2. Jeffrey Bowman, Shifting Landmarks: property, proof and dispute in Catalonia around the year 1000 (Ithaca 2004), pp. 151-161.

3. Salrach, Justícia i poder, p. 195, referring to Pierre Ponsich (ed.), Catalunya Carolíngia VI: els comtats de Rosselló, Conflent, Vallespir i Fenollet, rev. Ramon Ordeig i Mata, Memòries de la Secció històrico-arqueològica LXX (Barcelona 2006), 2 vols, doc. no. 121.

4. The two documents from the hearing are edited as Ramon Ordeig i Mata (ed.), Catalunya Carolíngia: els comtats d’Osona i Manresa, Memòries de la Secció Històrico-Arqueològica LIII (Barcelona 1999), 3 vols, doc. nos 33 & 34, the latter here quoted in my translation. The cataloguic property listings are discussed by Michel Zimmermann, Écrire et lire en Catalogne (IXe-XIIe siècle), Bibliothèque de la Casa de Velázquez 23 (Madrid 2003), 2 vols, I pp. 208-217.

5. J. Jarrett, “Pathways of Power in late-Carolingian Catalonia”, unpublished Ph. D. thesis (University of London 2005), online here, pp. 49-53.

6. Salrach, Justícia i poder, 195, without further reference, but the document is Ponsich, Catalunya Carolíngia VI, doc. no. 120, with the actual content here referred to printed as its own entry as no. 23.

7. Patrick Geary, “Entre gestion et gesta” in Olivier Guyotjeannin, Laurent Morelle & Michel Parisse (edd.), Les Cartulaires : Actes de la Table Ronde organisée par l’École Nationale des Chartes et le G. D. R. 121 du C. N. R. S. (Paris, 5-7 décembre 1991), Mémoires et Documents de l’École des Chartes 39 (Paris 1993), pp. 13-26; see also Geary, “Land, Language and Memory in Europe 700-1100” in Transactions of the Royal Historical Society 6th Series Vol. 9 (Cambridge 1999), pp. 169-184.
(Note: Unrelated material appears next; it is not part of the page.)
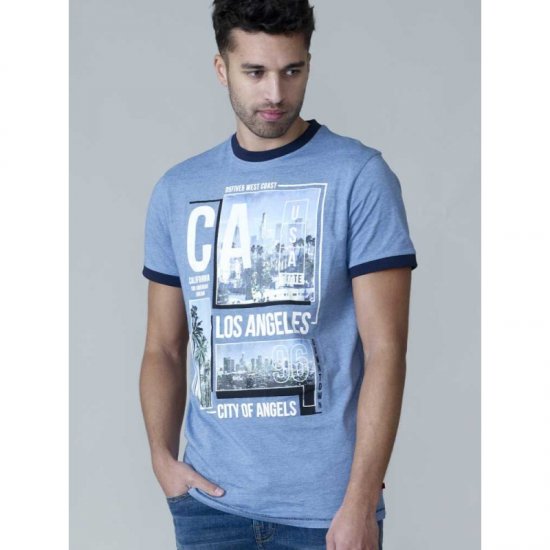 D555 Howie Fine Stripe T-shirt Blue - T-shirts - Grote Maten T-shirts Heren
5 responses to “‘We saw with our eyes and heard with our ears…’

  1. Some comments.
    1) In this time frame there’s another cancellarius, in Nimes, and some other more in Vienne/Lyon/Burgundy (along with some other notarius), so, those documents are certainly quite unique but it could be just a case of an scarcity of evidence.
    2) I don’t buy the notion defended by Salrach that memorizing of documents was a document preservation methodology. The mention to reading and re-reading are only needed because written words were suppoused to depend on ‘real’ or ‘live’ spoken words, void of effect or ‘reality’ without spoken utterances, and also as a witness agreement procedure, not for mnemothecnic reasons. I just don’t buy the notion of thousands of illiterate document’s owners, keeping in their houses parchments that they don’t understand at all.

    • Well, I don’t mean to imply that there are no so-called chancellors or notaries anywhere in this period: we could just start in Rome and move north… But even Nîmes is a long way from Vic, and Burgundy uses a different law entirely. I think that might be significant, given that the Visigothic law doesn’t mention notaries. I don’t think whatever model was in use here was local.

      As for memorising documents, there is an argument we could have about literacy with people who think differently to you, and I think you and I would be on the same side, but this point of Salrach’s is maybe not part of that argument. I don’t think that he is implying, or that the documents imply, that the owners of the charters couldn’t read them, merely that they got them read out in public so that the most people possible remembered them. The performance may even have been better for establishing a memory than would passing charters round to be read have been, it would certainly have been quicker and we’re also not very sure that many people learnt to read silently in this period anyway, so there might not even have been much difference between the two situations.